== Information supplied

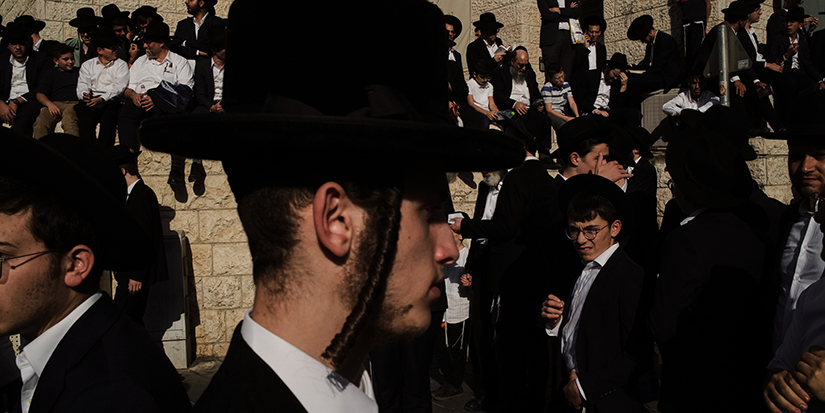 Tens of thousands of ultra-Orthodox Jews protest military draft in Jerusalem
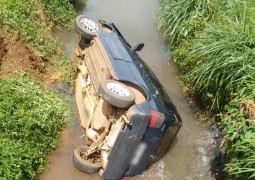 Após batida violenta veículo cai dentro de Córrego em São Gotardo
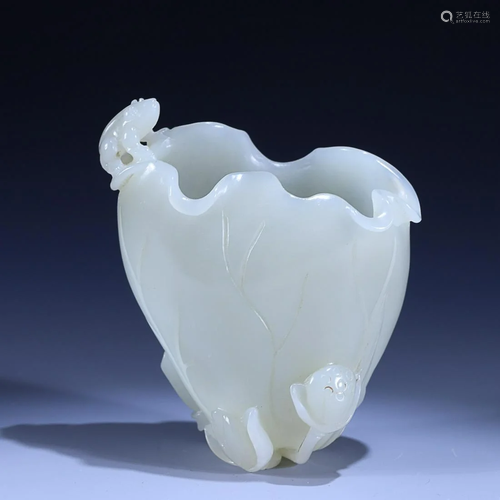 CHINESE HETIAN JADE LOTUS-FORM VASE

====

Write out verbatim the lines from the one containing "Após batida violenta" through the last line of the listing above, and no other lines; omit pictures.

Task answer:
 Após batida violenta veículo cai dentro de Córrego em São Gotardo
 CHINESE HETIAN JADE LOTUS-FORM VASE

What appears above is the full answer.